LoRA training is verified working on MPS via the Apple-Silicon fork (clockworksquirrel/ace-step-apple-silicon).

13. Pros and cons

Pros

Apache-2.0 / MIT — fully commercial-friendly, unique in this tier.
Fastest open music model: 15.63× RTF on a 4090; sub-2 s/song on A100 (v1.5).
Vocals and instruments natively; v1.5 vocal quality now beats Suno v4 in blind tests.
50+ languages with lyric structural tags.
First-class MPS + MLX support and a dedicated Apple-Silicon fork.
ComfyUI native + thriving UI ecosystem (ace-step-ui).
LoRA training is cheap (~1 hour for 8 songs on 3090), well-documented.
Hybrid LM-planner (v1.5) closes the long-range structure gap with Suno.

Cons

v1 vocals are admitted "coarse"; even v1.5 trails Suno on pop/EDM polish.
High seed sensitivity → "gacha" outputs; multiple re-rolls needed in production.
Less-represented languages underperform.
Memory for XL series can exceed 24 GB without offload.
No official v2 announced; the rapid v1 → v1.5 → XL fork hints at API/checkpoint churn.
Smaller benchmark literature than Suno/YuE; some metrics still self-reported.

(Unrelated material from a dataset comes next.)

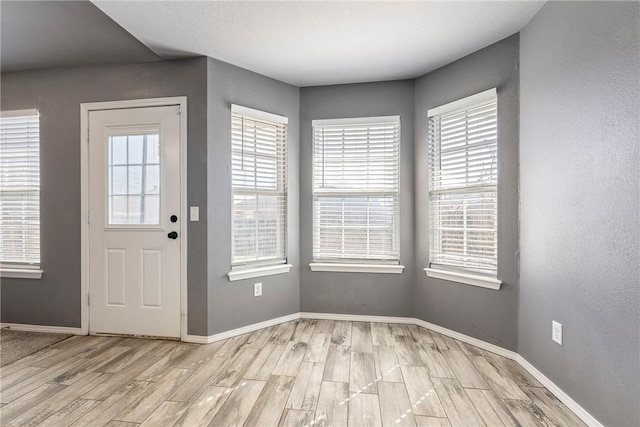 entryway featuring baseboards and light wood finished floors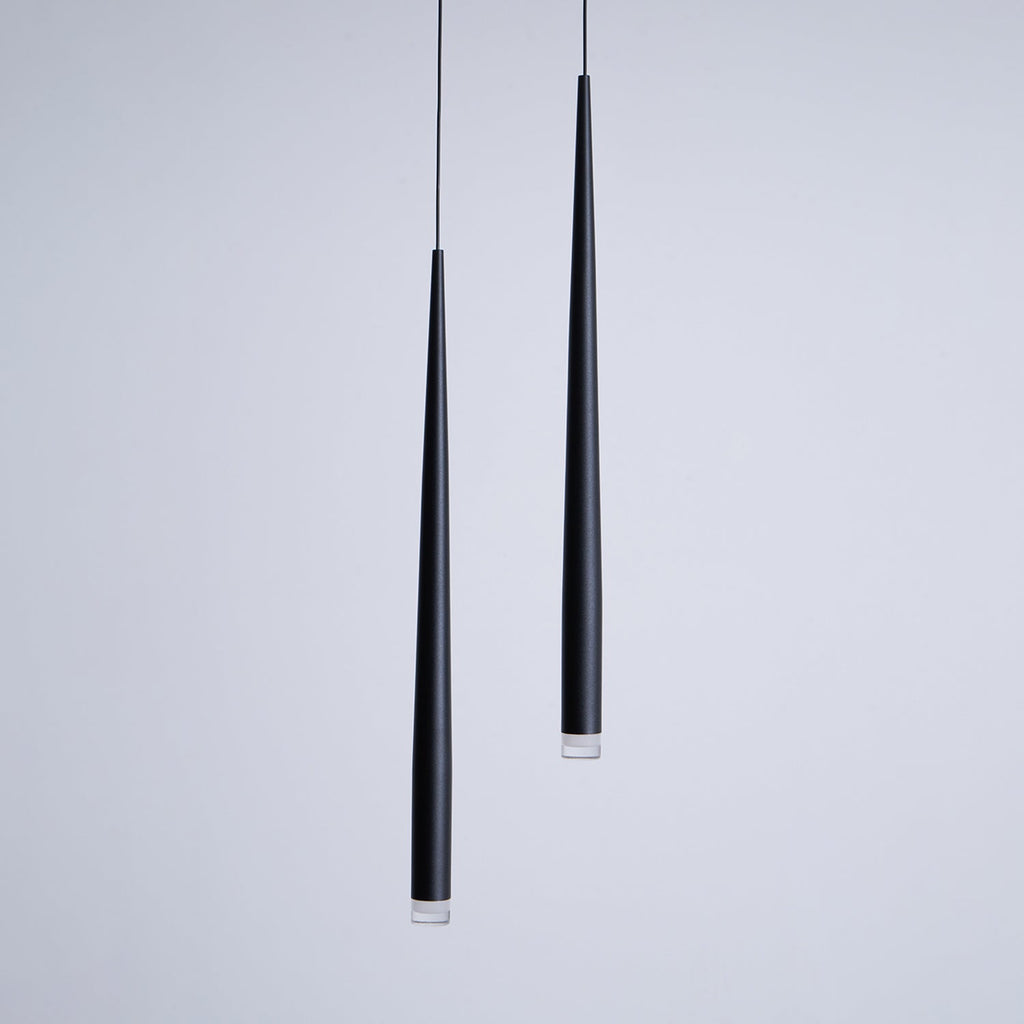 Close view of two black cone pendants at different lengths, matte finish and clear lens at the tips, from Clérachic.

14. Verdict for the user's platform

For a Suno-like platform on M5 Max with 128 GB unified memory, ACE-Step is currently the single strongest open-source choice and should be the default base model:

Best for: full-song generation with vocals in 50+ languages, fast iteration (sub-minute per song expected on M5 Max), genre-specific LoRA fine-tuning, and any deployment where commercial rights matter (Apache/MIT vs Suno's locked-down terms).
Recommended stack: ACE-Step v1.5 XL (4B DiT) + 1.7B Qwen3 planner, run via the clockworksquirrel/ace-step-apple-silicon MPS/MLX fork, served behind the fspecii/ace-step-ui frontend, with ComfyUI workflows for power-user editing.
Weaknesses to mitigate: budget for n-of-k re-roll selection in the product UX (the gacha problem); pair with a Demucs stem-extraction post-process (already in ace-step-ui) so users can mix-down; do not pitch the platform on pop/EDM polish alone — lean into folk/classical/jazz and rap, where ACE-Step now leads.
Where you may still need Suno-style commercial APIs: clients demanding broadcast-radio pop polish; otherwise, ACE-Step is sufficient.